A verbatim transcript of the data below is required, images omitted.

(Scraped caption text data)

□ □ □

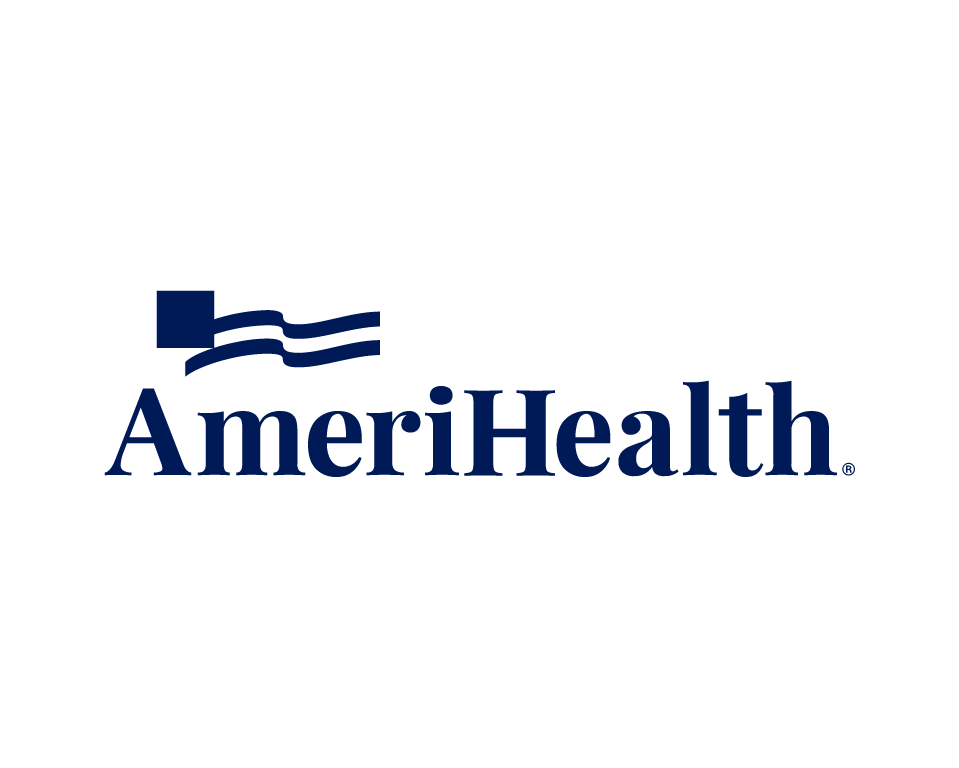 AmeriHealth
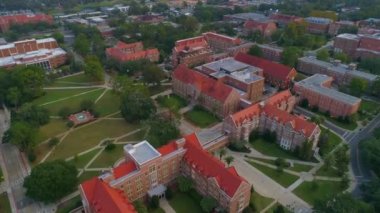 Florida International University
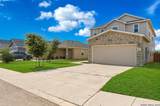 6002 Foster Bend - Photo 7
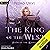 The King of the West: Path of the Ranger, Book 7
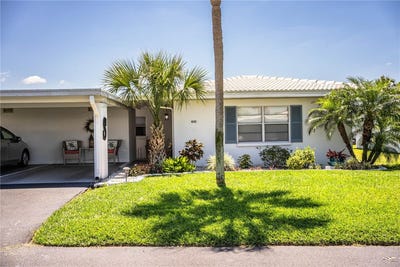 /international/us/610-cottage-lane-lakeland-fl-110098998311/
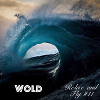 Relax & Fly vol.11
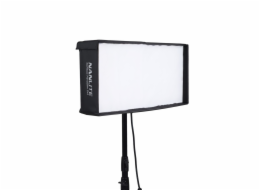 Nanlite SB-PS120-F foldable Softbox for PavoSlim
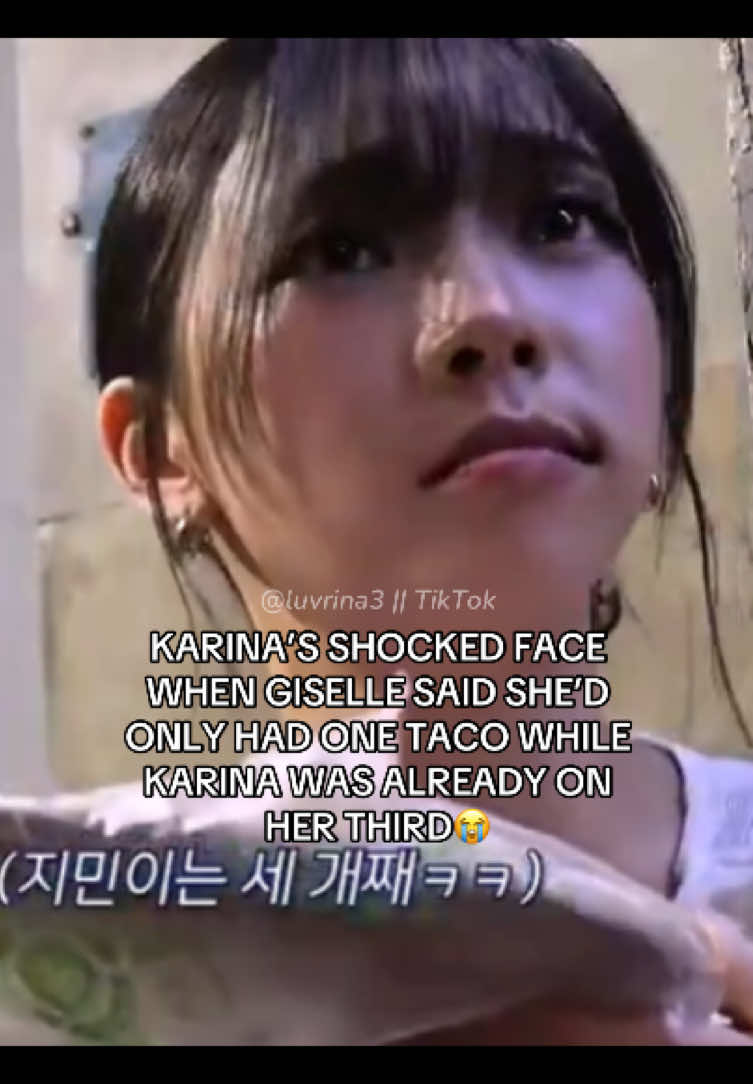 @rina
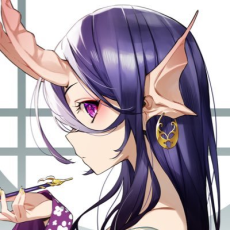 トーチケイスケ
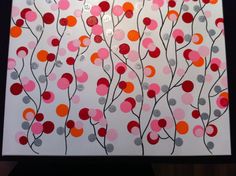 236x176 Painting Ideas For Kids. Beautiful Find This Pin And More - Simple Painting For Kids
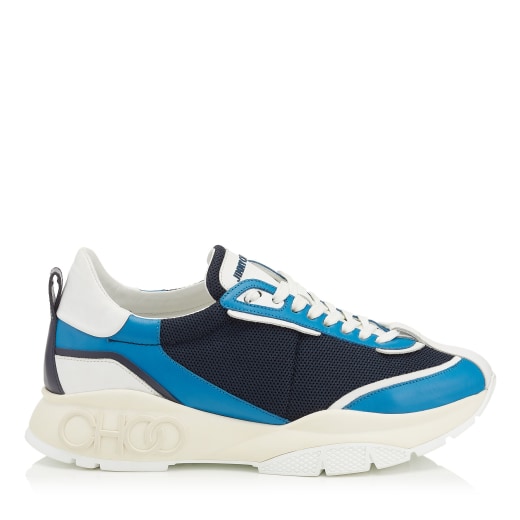 jimmy choo raine white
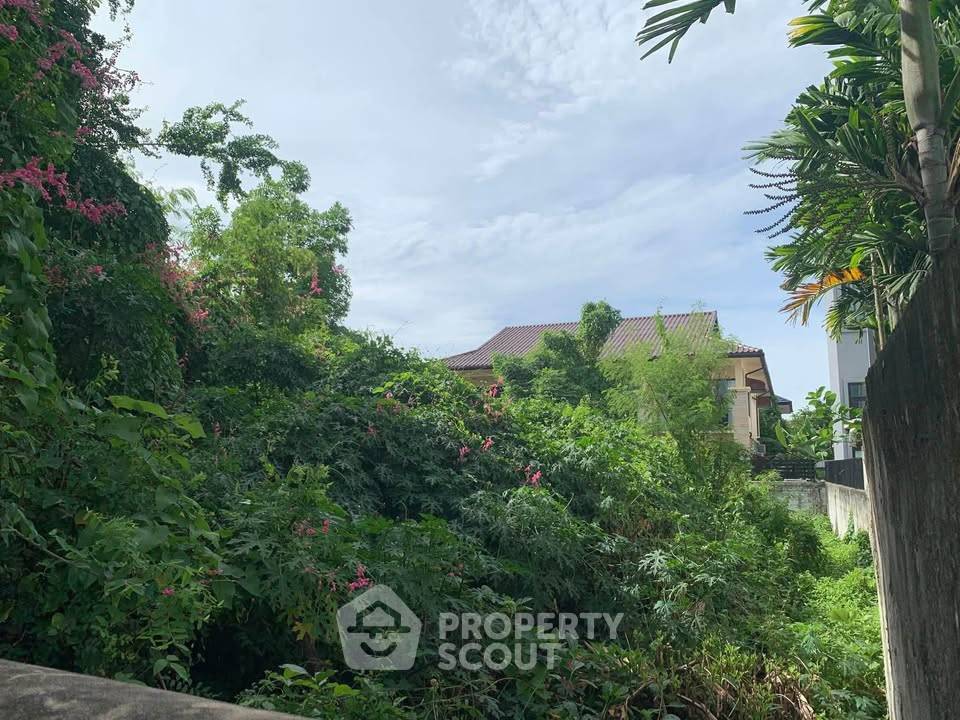 รูป ที่ดินขาย 46.9 ตร.ม. ทาระรอม วิลเลจ ใกล้ สะพานสูง (ID 3086769) - รูปที่ 1/4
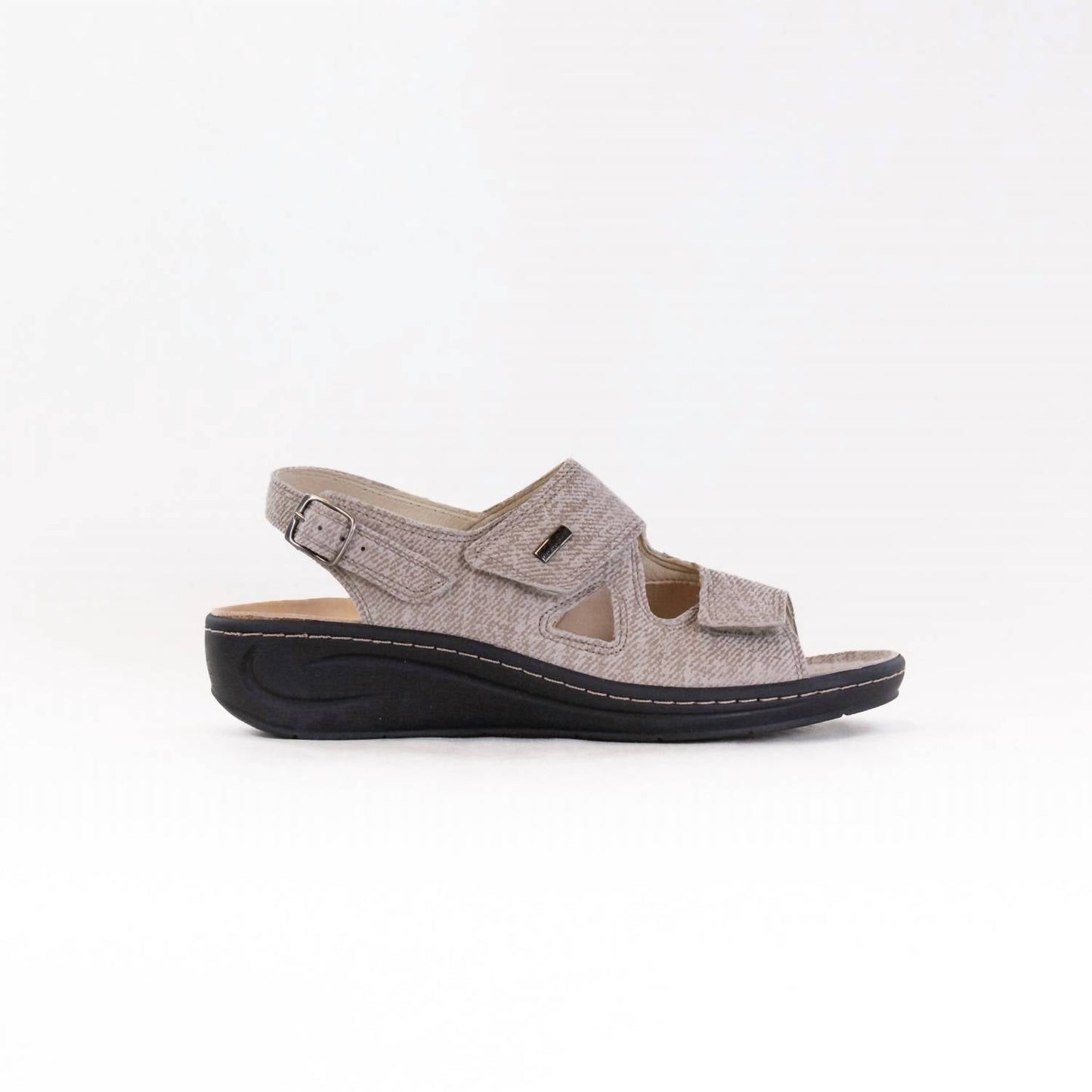 Fidelio - Women's Vienna Sandal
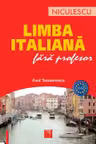 Limba italiana fara profesor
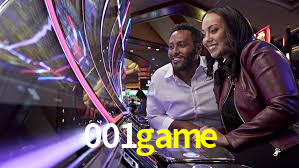 001game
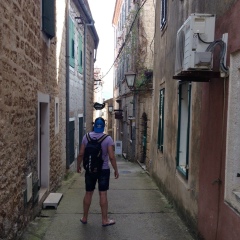 Александр Маразуев, 08.06.1989, Санкт-Петербург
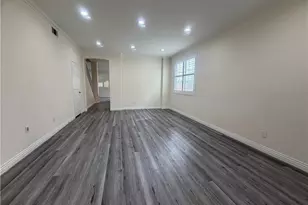 6939 Fontaine, Rancho Cucamonga, CA 91739 - Photo 2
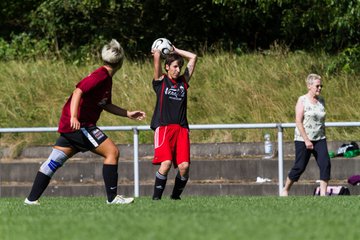 Bild 276 - FEK-Turnier Boostedt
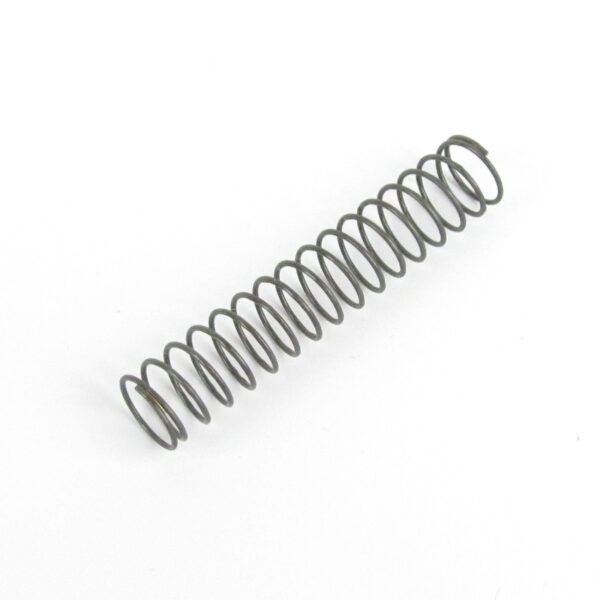 47600.034 Weber DCOE Accelerator pump spring (early type) - Eurocarb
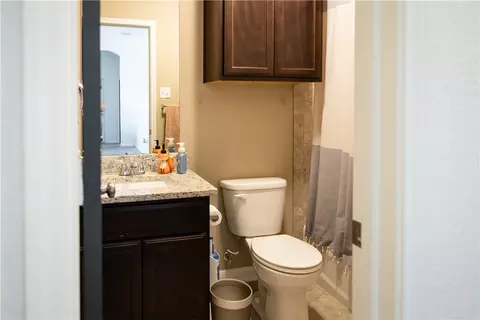 2621 Beutel Rd, Lorena, TX 76655 photo 60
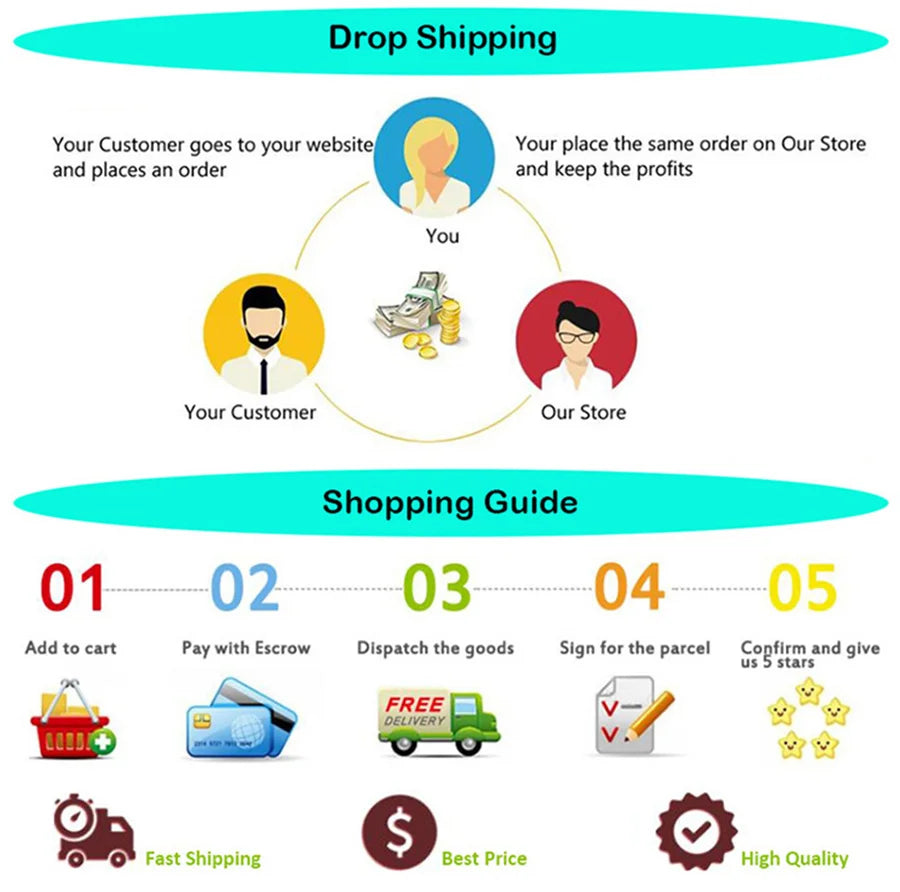 PAMNNY RGB Wasserfall LEDKette - Appsteuerung, LEDs 200, Länge 9x2,8 m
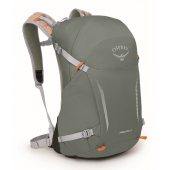 OSPREY HIKELITE 26 pine leaf green + DÁREK DLE VÝBĚRU!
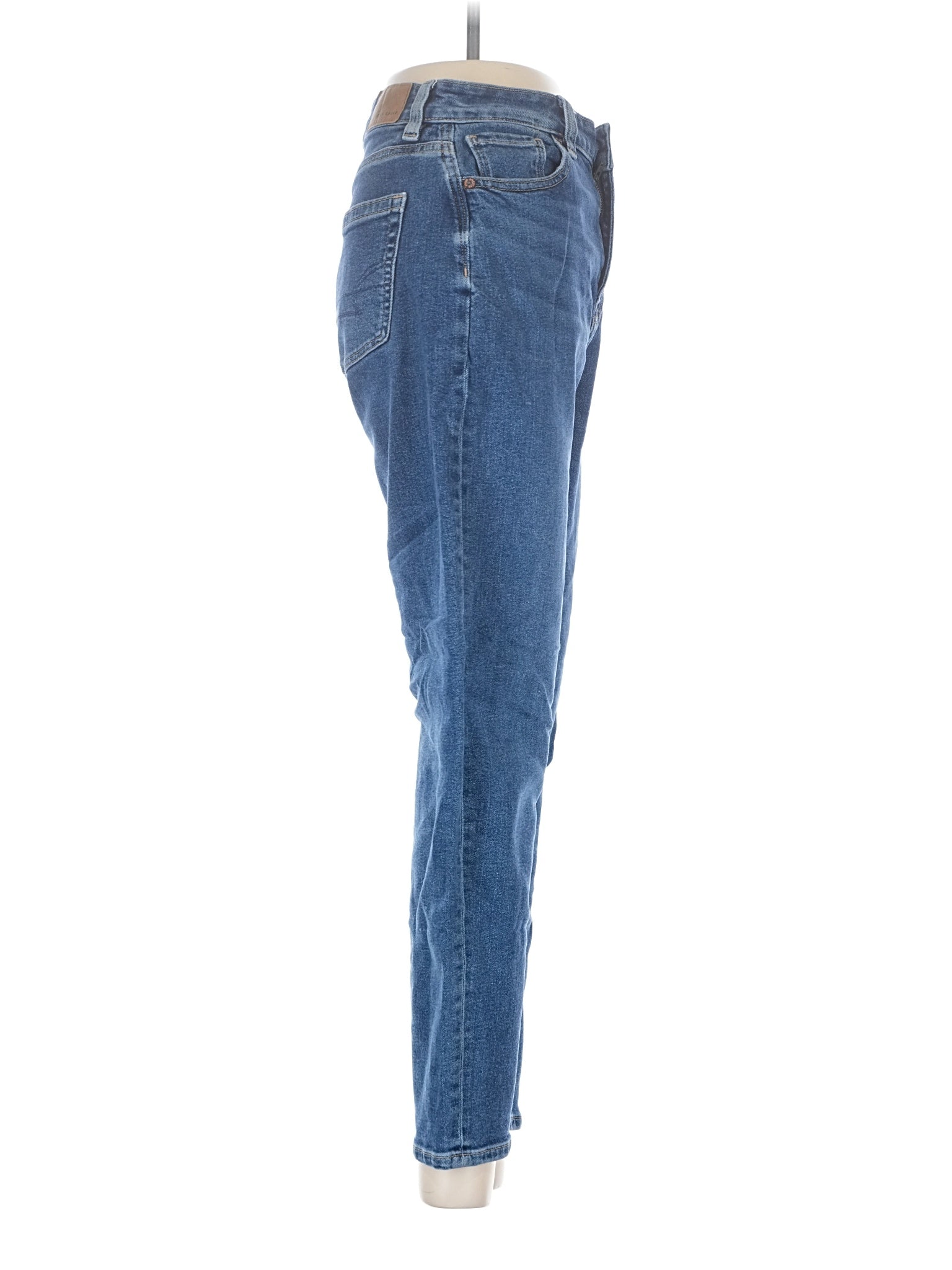 3 size - 00S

□ □ □

Output for this task
 AmeriHealth
 Florida International University
 6002 Foster Bend - Photo 7
 The King of the West: Path of the Ranger, Book 7
 /international/us/610-cottage-lane-lakeland-fl-110098998311/
 Relax & Fly vol.11
 Nanlite SB-PS120-F foldable Softbox for PavoSlim
 @rina
 トーチケイスケ
 236x176 Painting Ideas For Kids. Beautiful Find This Pin And More - Simple Painting For Kids
 jimmy choo raine white
 รูป ที่ดินขาย 46.9 ตร.ม. ทาระรอม วิลเลจ ใกล้ สะพานสูง (ID 3086769) - รูปที่ 1/4
 Fidelio - Women's Vienna Sandal
 Limba italiana fara profesor
 001game
 Александр Маразуев, 08.06.1989, Санкт-Петербург
 6939 Fontaine, Rancho Cucamonga, CA 91739 - Photo 2
 Bild 276 - FEK-Turnier Boostedt
 47600.034 Weber DCOE Accelerator pump spring (early type) - Eurocarb
 2621 Beutel Rd, Lorena, TX 76655 photo 60
 PAMNNY RGB Wasserfall LEDKette - Appsteuerung, LEDs 200, Länge 9x2,8 m
 OSPREY HIKELITE 26 pine leaf green + DÁREK DLE VÝBĚRU!
 3 size - 00S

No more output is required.